MILK. The mountainous nature of Palestine seems ill adapted for the pasturage of cows, and the milk with which it "flowed" must have been chiefly the product of goats, which are frequently mentioned in Scripture, but cows seldom, and mainly in connection with the plains of Philistia, Esdraelon, &c. "Butter of kine," from its peculiar designation, would seem to have been a luxury, while the undulating downs would produce goats' milk in abundance, far beyond what could be expected from such a limited area. See Butter.

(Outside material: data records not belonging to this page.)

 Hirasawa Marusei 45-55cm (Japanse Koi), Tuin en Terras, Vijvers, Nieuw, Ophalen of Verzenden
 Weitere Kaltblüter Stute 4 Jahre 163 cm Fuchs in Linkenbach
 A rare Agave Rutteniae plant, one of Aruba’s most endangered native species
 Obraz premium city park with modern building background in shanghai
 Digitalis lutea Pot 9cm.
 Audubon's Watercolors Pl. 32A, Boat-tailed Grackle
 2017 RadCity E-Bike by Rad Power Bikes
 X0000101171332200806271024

MILL was not a building, but a pair of millstones of granite or basalt, placed one upon the other, the lower one being larger and stationary, and the upper loose, with a hole in its centre into which the corn was put, and it was turned briskly round by two wooden handles, fixed opposite to each other in its upper surface near the circumference. A woman seated on the ground, on each side of it, moved a handle in the same direction, each passing it on to the other, and so whirling the stone round. The "nether millstone" became a proverb for weight and hardness. The Mosaic Law forbade the seizure of millstones for debt.

MITE, from the same root as minute, anything very small: "Sche cast two mynutis, that is, a ferthing" (Wycliffe). Very small coins, known as "beggars' money," not current in the market (being scarcely of estimable value), may still be seen used as alms in Asia Minor.

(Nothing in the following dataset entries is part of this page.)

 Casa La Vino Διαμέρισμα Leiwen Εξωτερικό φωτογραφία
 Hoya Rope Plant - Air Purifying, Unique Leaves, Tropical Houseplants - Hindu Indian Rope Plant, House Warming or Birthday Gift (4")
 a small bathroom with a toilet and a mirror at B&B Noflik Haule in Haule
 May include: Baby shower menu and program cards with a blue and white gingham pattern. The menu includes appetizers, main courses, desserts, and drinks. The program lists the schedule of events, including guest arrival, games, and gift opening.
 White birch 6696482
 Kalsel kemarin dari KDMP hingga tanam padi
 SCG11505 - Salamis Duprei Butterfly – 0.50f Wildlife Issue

MONEY. The coins mentioned in the Bible mark the supreme power predominant at the time; thus, we have the Hebrew talent, shekel, maneh; the Persian daric; the Greek drachm and stater; and, lastly, the Roman pound, penny, and farthing. In our Lord's time these were all current in the market, but the offerings in the Temple had to be made in the Hebrew coinage, which was circulated in Palestine alone, where, however, Roman money was found to be the more convenient medium of traffic. Hence, moneychangers became a necessity, and, during the great festivals, they removed from their shops in the city to stalls within the sacred precincts, where worshippers from all parts thronged to make their offerings.

MOTE. A small particle, like those which are brought to light by a ray of sunshine (Eastwood and Wright, "Bible Wordbook").

NECROMANCER. One who professes to foretell the future by consulting the spirits of the dead, as the witch of Endor.

NETHINIMS were the descendants of those Gibeonites whom Joshua reduced to slavery, making them hewers of Avood and drawers of water for the Sanctuary (Josh. ix. 27). They accompanied the Jews to and from Captivity, and lived with the other servants of the Temple on Ophel, a small hill south of Moriah.

OBEISANCE was the salutation of an inferior to a superior. It consisted of. bowing the head and body forward, with the hands extended, and their palms turned downwards. It varied from a slight inclination to complete prostration, with the forehead and hands in the dust, according to the rank of the person saluted.

OBSERVER OF TIMES was one who foretold events, or chances, by observing the motions of the clouds.

OMEGA. The last letter of the Greek alphabet, used, with Alpha, to express the eternal existence of the Son of God.

OMER is an untranslated Egyptian word, being the name of the most common domestic bowl, or kit, used by the Fellahs of Egypt, and adopted from them by the Hebrews, for a vast variety of household purposes. It held about half a peck.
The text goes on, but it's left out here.